You can also add a fallback if no retriever is selected:

public QueryRouter createQueryRouterWithFallback(ChatModel chatModel,
        ContentRetriever vectorSearchRetriever,
        ContentRetriever webSearchRetriever) {
    // Create a query router that uses a chat model to route queries
    return LanguageModelQueryRouter.builder()
            .chatModel(chatModel)
            .fallbackStrategy(LanguageModelQueryRouter.FallbackStrategy.ROUTE_TO_ALL)
            .retrieverToDescription(Map.of(
                    vectorSearchRetriever, "Retrieve relevant documents about terms and conditions",
                    webSearchRetriever, "Retrieve relevant documents from the quarkus.io website"))
            .build();
}

4. Content Aggregation and Reranking

When multiple retrievers are used, you may want to score and filter the results to ensure only the most relevant content is included in the final prompt. You can implement a custom ContentAggregator to score, (re-)rank, and filter the retrieved content.

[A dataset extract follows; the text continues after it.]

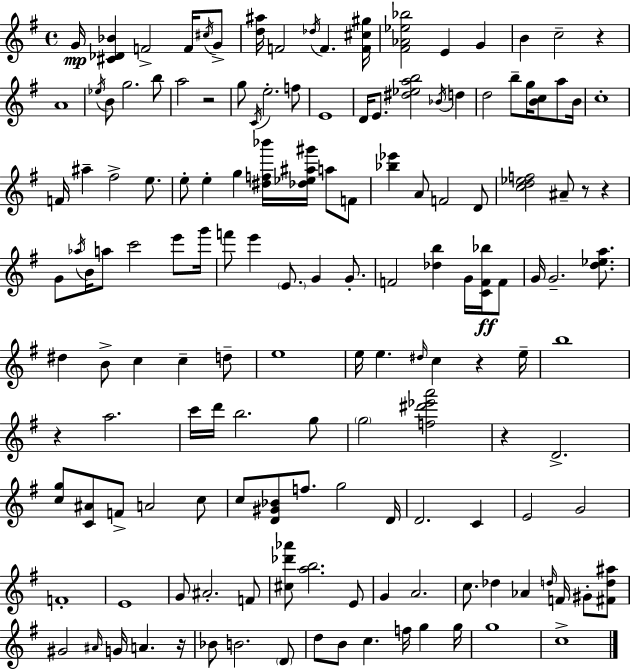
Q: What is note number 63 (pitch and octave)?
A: G4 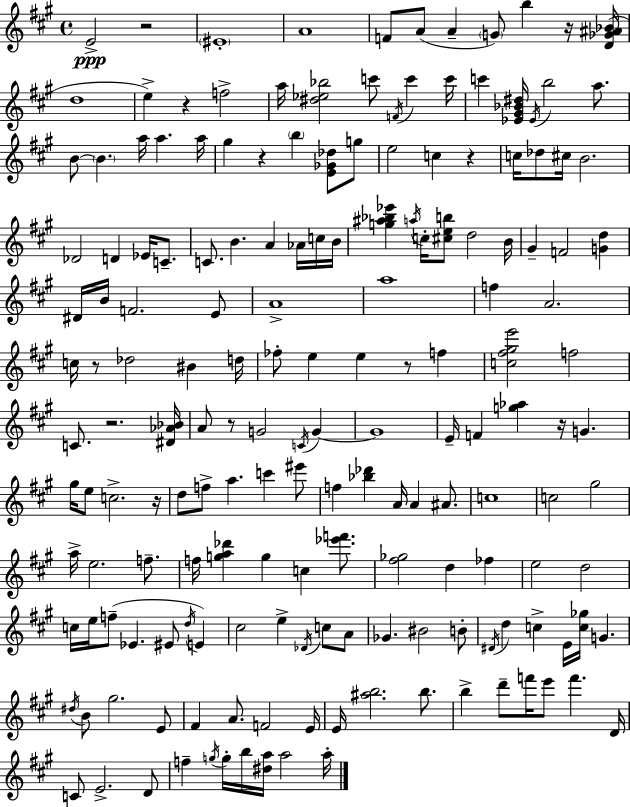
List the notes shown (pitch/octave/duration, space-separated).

E4/h R/h EIS4/w A4/w F4/e A4/e A4/q G4/e B5/q R/s [D4,Gb4,A#4,Bb4]/s D5/w E5/q R/q F5/h A5/s [D#5,Eb5,Bb5]/h C6/e F4/s C6/q C6/s C6/q [Eb4,G#4,Bb4,D#5]/s Eb4/s B5/h A5/e. B4/e B4/q. A5/s A5/q. A5/s G#5/q R/q B5/q [E4,Gb4,Db5]/e G5/e E5/h C5/q R/q C5/s Db5/e C#5/s B4/h. Db4/h D4/q Eb4/s C4/e. C4/e. B4/q. A4/q Ab4/s C5/s B4/s [G5,A#5,Bb5,Eb6]/q A5/s C5/s [C#5,E5,B5]/e D5/h B4/s G#4/q F4/h [G4,D5]/q D#4/s B4/s F4/h. E4/e A4/w A5/w F5/q A4/h. C5/s R/e Db5/h BIS4/q D5/s FES5/e E5/q E5/q R/e F5/q [C5,F#5,G#5,E6]/h F5/h C4/e. R/h. [D#4,Ab4,Bb4]/s A4/e R/e G4/h C4/s G4/q G4/w E4/s F4/q [G5,Ab5]/q R/s G4/q. G#5/s E5/e C5/h. R/s D5/e F5/e A5/q. C6/q EIS6/e F5/q [Bb5,Db6]/q A4/s A4/q A#4/e. C5/w C5/h G#5/h A5/s E5/h. F5/e. F5/s [G5,A5,Db6]/q G5/q C5/q [Eb6,F6]/e. [F#5,Gb5]/h D5/q FES5/q E5/h D5/h C5/s E5/s F5/e Eb4/q. EIS4/e D5/s E4/q C#5/h E5/q Db4/s C5/e A4/e Gb4/q. BIS4/h B4/e D#4/s D5/q C5/q E4/s [C5,Gb5]/s G4/q. D#5/s B4/e G#5/h. E4/e F#4/q A4/e. F4/h E4/s E4/s [A#5,B5]/h. B5/e. B5/q D6/e F6/s E6/e F6/q. D4/s C4/e E4/h. D4/e F5/q G5/s G5/s B5/s [D#5,A5]/s A5/h A5/s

public ContentAggregator createAggregator(ScoringModel model) {
    return ReRankingContentAggregator.builder()
            .scoringModel(model)
            .minScore(0.6)
            .build();
}

Reranking needs a scoring model, which can be implemented using a ChatModel or an EmbeddingModel that computes similarity scores between the query and content, or be a custom scoring function.

You can also combine all result without reranking (the order may not be deterministic):

ContentAggregator aggregator = new DefaultContentAggregator();

Reranking is covered in more detail in Reranking using scoring models.

5. Custom Content Injection

Control how the retrieved content is added to the final prompt:

public ContentInjector createContentInjector() {
    return (contents, userMessage) -> {
        StringBuilder prompt = new StringBuilder(userMessage.toString() + "\n\nRelevant facts:\n");
        for (Content content : contents) {
            prompt.append("- ").append(content.textSegment().text()).append("\n");
        }
        return UserMessage.userMessage(prompt.toString());
    };
}

You can use a ContentInjector to customize how the retrieved content is injected into the prompt.

Implementing your own injector can be useful to later identify which part of the prompt has been augmented with RAG content and cleanup the memory to avoid out of date information.

6. Final Assembly

@Produces
@ApplicationScoped
public RetrievalAugmentor createRetrievalAugmentor(
        ChatModel chatModel, // Default chat model, you can also use @ModelName to select it
        ScoringModel scoringModel) {
    return DefaultRetrievalAugmentor.builder()
            .queryTransformer(getDefaultQueryTransformer(chatModel))
            .queryRouter(createQueryRouter(chatModel, getVectorSearchRetriever(), getWebSearchRetriever()))
            .contentAggregator(createAggregator(scoringModel))
            .contentInjector(createContentInjector())
            .build();
}

Best Practices

  • Keep transformer logic lightweight to avoid latency

  • Use metadata filters to constrain search domains (e.g., by language or topic)

  • Ensure retrievers use consistent chunking and embedding settings as ingestion

  • Tune scoring thresholds (e.g., minScore) for balance between recall and relevance

  • Implement timeouts or fallbacks for web-based retrievers

  • Write unit tests for injectors to confirm the prompt shape and guard against prompt injection

Summary

Contextual RAG lets you:

  • Dynamically transform queries

  • Combine multiple sources (e.g., vector DB, web search)

  • Select and score content at runtime

  • Customize how prompts are constructed

It adds significant control and accuracy to your RAG workflows in Quarkus LangChain4j.